Despite the lingering popularity of analog radio, the transition to digital radio is already occurring.  In the U.S., HD Radio now broadcasts simultaneously on the same frequencies as the analog AM and FM stations.  HD Radio is a digital version of the analog content overlaid on the same analog carriers. You will hear it referred to as in-band on channel (IBOC).  It uses OFDM and voice compression to minimize bandwidth but at the same time give greater fidelity to the audio.  Noise and fading are less of a problem as well. 

Nevertheless, HD Radio has been available for years but it has not become mainstream.  Few actually know about it. HD radios are rare devices.  Some high-end cars have HD Radio and some table top HD radios are available but they are rare.  Furthermore, HD radio quality is less than expected as it is barely a noticeable improvement over the standard quality of FM and AM.  There are very few HD AM stations but the majority of FM stations do broadcast in HD.  HD offers the benefit of being able to multiplex one or two additional program sources on the same frequency giving stations several additional programming and advertising choices.

More popular than HD Radio is digital satellite radio.  The original two U.S. satellite services merged a while back to form Sirius XM.  This is a paid subscriber service available in most vehicles today.  There are table top satellite radios but generally they are rare as they do require a special antenna that must “see” the satellites to work.

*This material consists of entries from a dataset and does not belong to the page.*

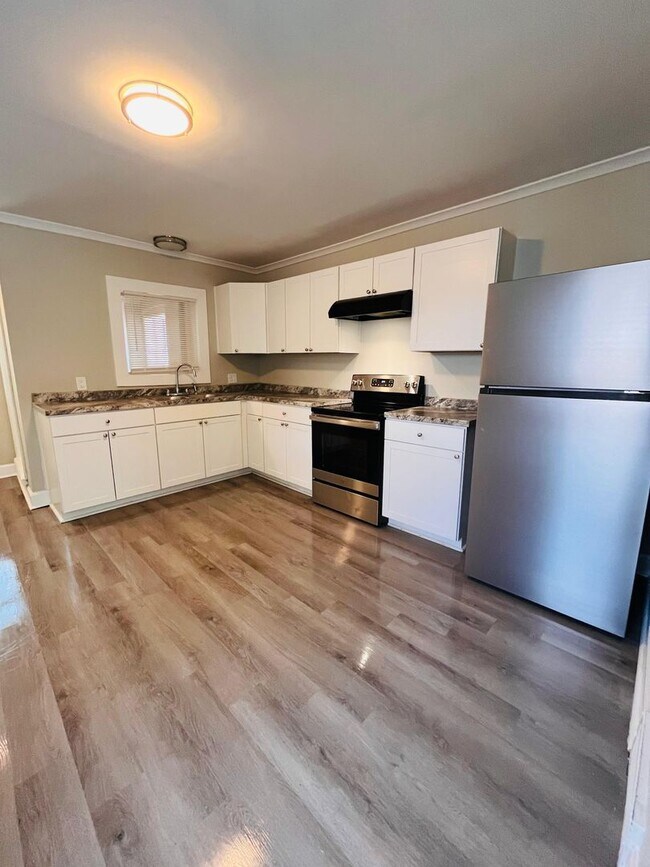 Building Photo - three bedroom duplex with ALL utilities included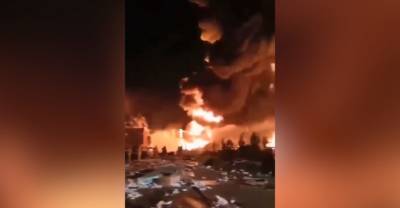 Стена огня: Мощный взрыв уничтожил химический завод в Таиланде - reendex.ru - Bangkok - Thailand
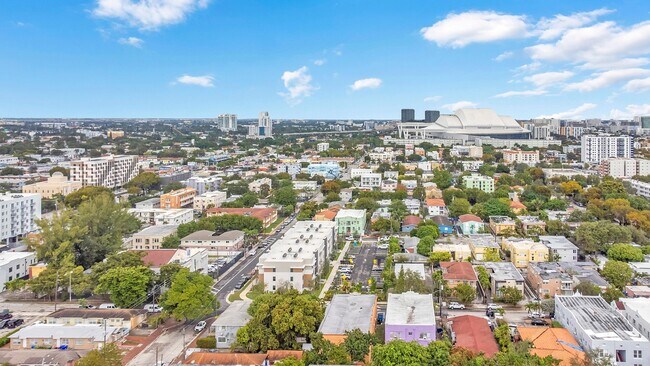 Building Photo - 1554 SW 5th St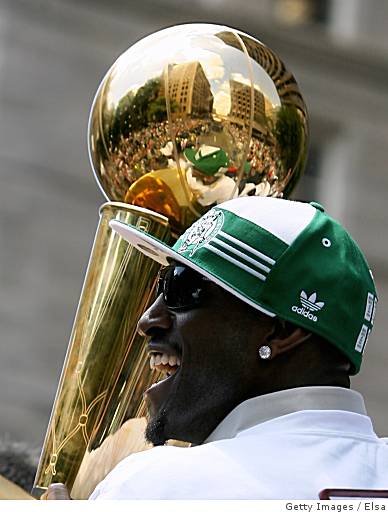 Boston Celtics player Paul Pierce holds up the NBA Finals MVP trophy during  a parade with the rest of the World Champion Celtics team through downtown  Boston, Massachusetts on June 19, 2008. (
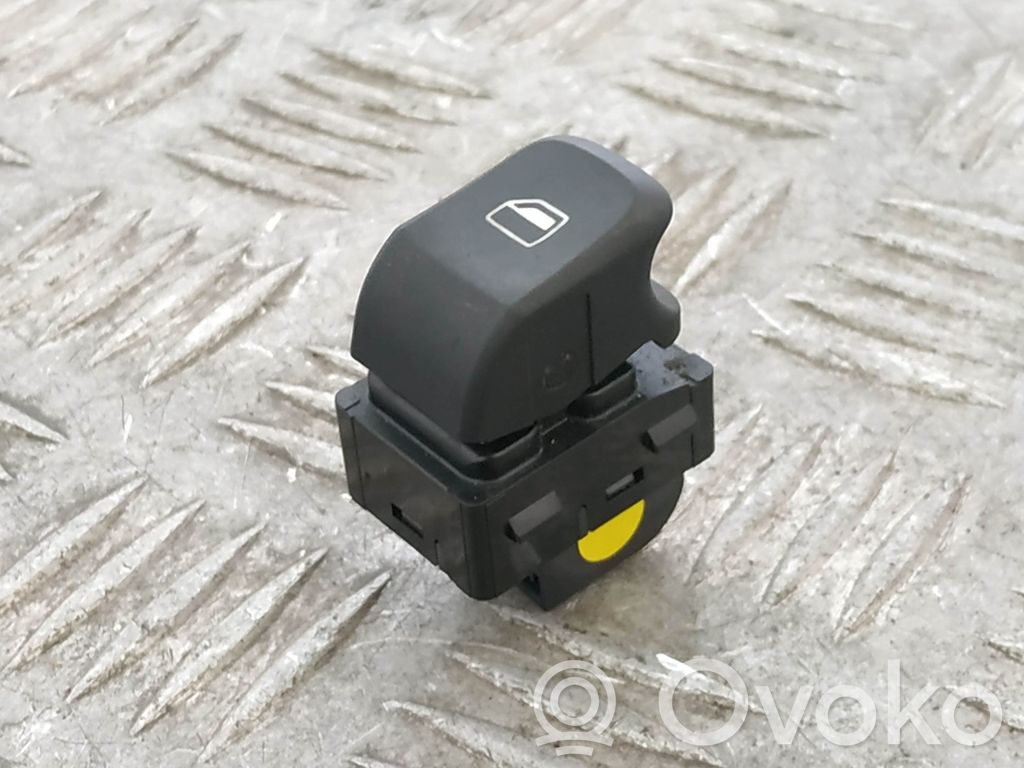 Audi A3 S3 8V Electric window control switch 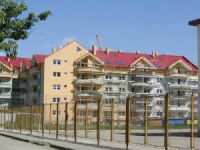 O filială a Imotrust Arad vrea 19 mil. lei de la Banca Transilvania pentru un bloc de locuinţe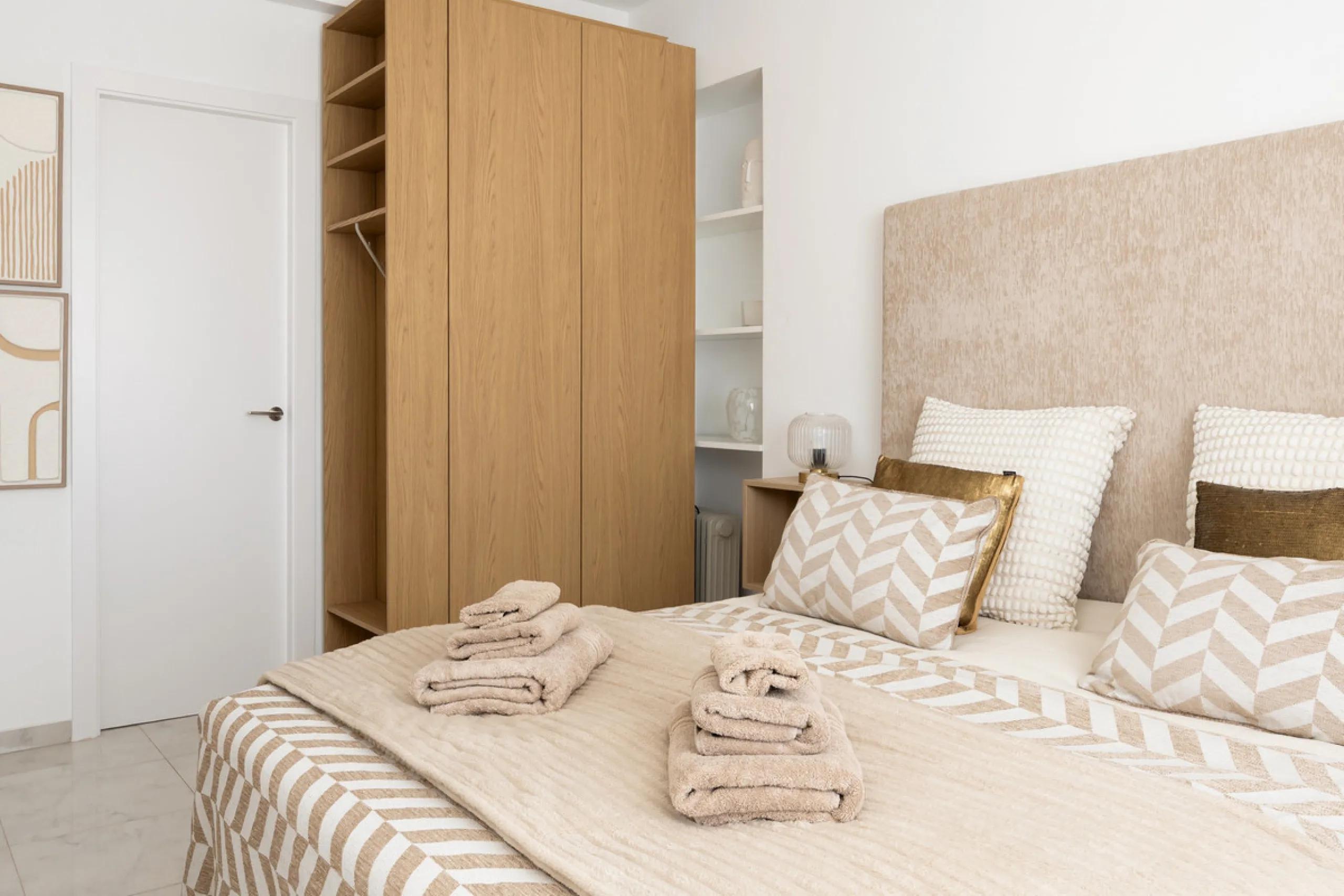 Beachfront Investment in Central Marbella. Turnkey 1 bed apartment with rental license guaranteed for new owners. Ready for immediate move-in or rental. The community can fully manage your rentals, including bookings and key handling.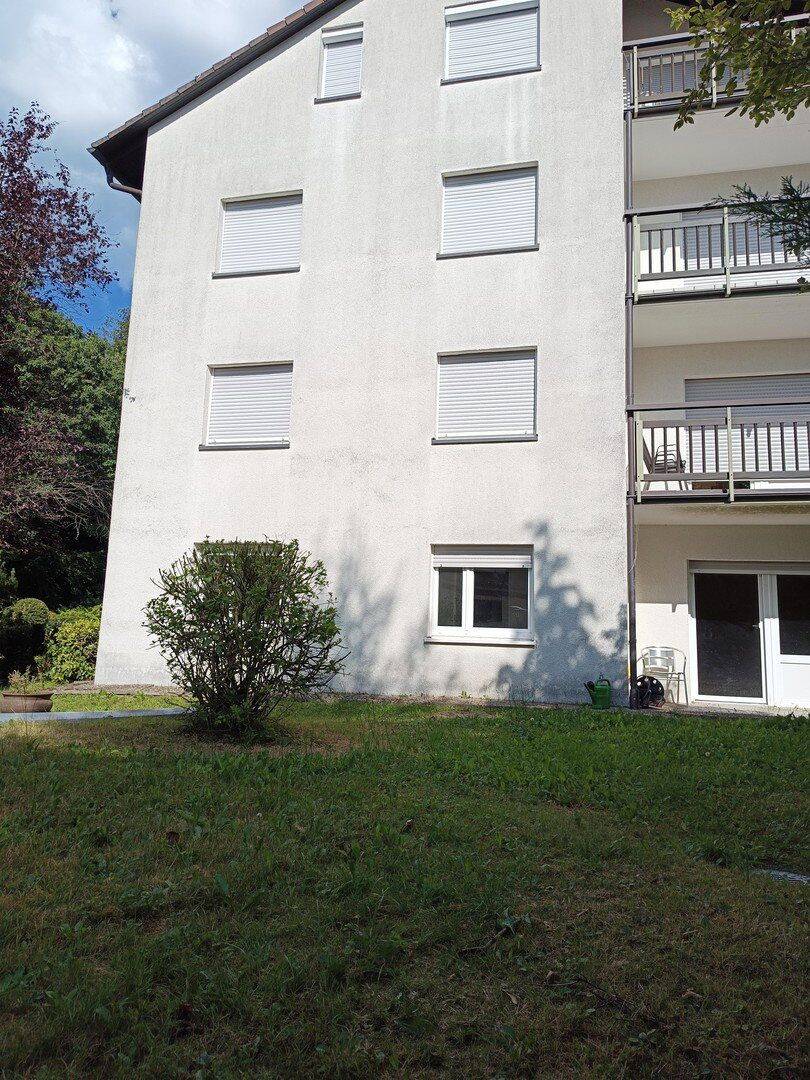 Renovierte 2-Zimmer-Erdgeschosswohnung mit neuem Bad, Küche und Gartennutzung, 76332 Bad Herrenalb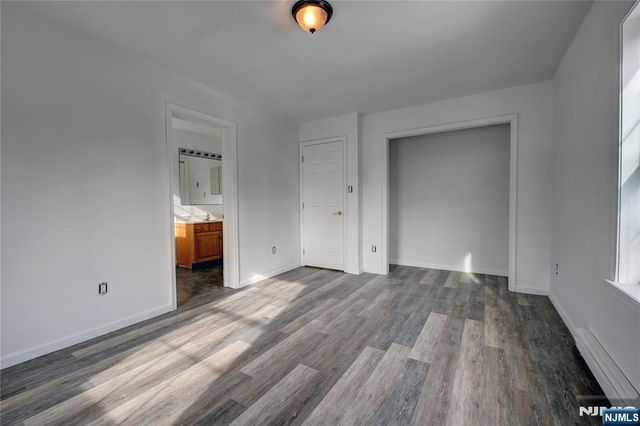 74 Camp Lane, Fairfield, NJ 07004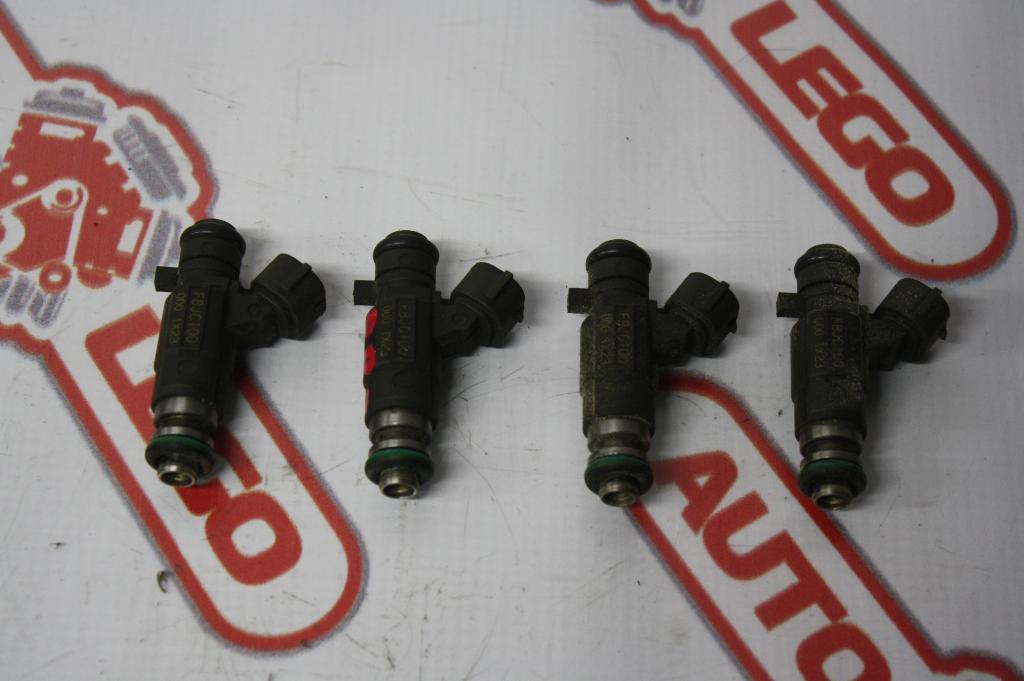 форсунка Nissan X-Trail T30 2004, 2.0 л., QR20DE, бензин - фото №1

Shortwave broadcasting is also going digital, or at least some of it.  A new digital technology called Digital Radio Mondiale (DRM) is now used in dozens of SW stations.  It uses coded OFDM and digital compression to keep the bandwidth down to that required for SW broadcast (<10 kHz).  A VHF version is also available now.  A special receiver is needed or you can get a generic PC-based software-defined radio (SDR) and get the DRM software for demodulation.

And don’t forget, broadcast TV is already digital; the analog version was phased out in 2009.  U.S. digital TV uses 8VSB (8-coding level vestigial sideband), an AM digital modulation method.

Other countries have already made the conversion from analog to digital radio broadcast.  The UK and most European countries use Digital Audio Broadcast (DAB) based on a digital standard called Eureka147.  It usually operates in the 174 to 240 MHz range or the L-band from 1452 to 1492 MHz.  It uses OFDM and MPEG compression to keep the data rate and bandwidth to a minimum.   Japan has a similar digital radio called ISDB-T.

And let’s not forget Internet radio.  That’s another story.

There have been rumors about phasing out AM and eventually FM radio in the U.S.  I don’t see any immediate action on this but keep it in mind.  There is still time to enjoy the benefits of AM radio.  Get a good receiver like a SW radio or one like those from CC Crane.  And add an antenna.  Then check out your local stations.  You will be amazed at what you can hear at night on AM.  A real listening experience.  And try SW if you can.

Finally, if you have never built and tested a crystal radio, you had better get to it.  Once AM broadcast stations go away, the crystal set will be history too.  I built one recently just for the fun of it.  I used the traditional oatmeal box inductor and a 1N60 germanium diode with ear phones.  I had to use 100 feet of antenna to get any signal.  I tuned only three local AM stations and they were weak but very listenable. 

Anyway, may AM have a long prosperous life.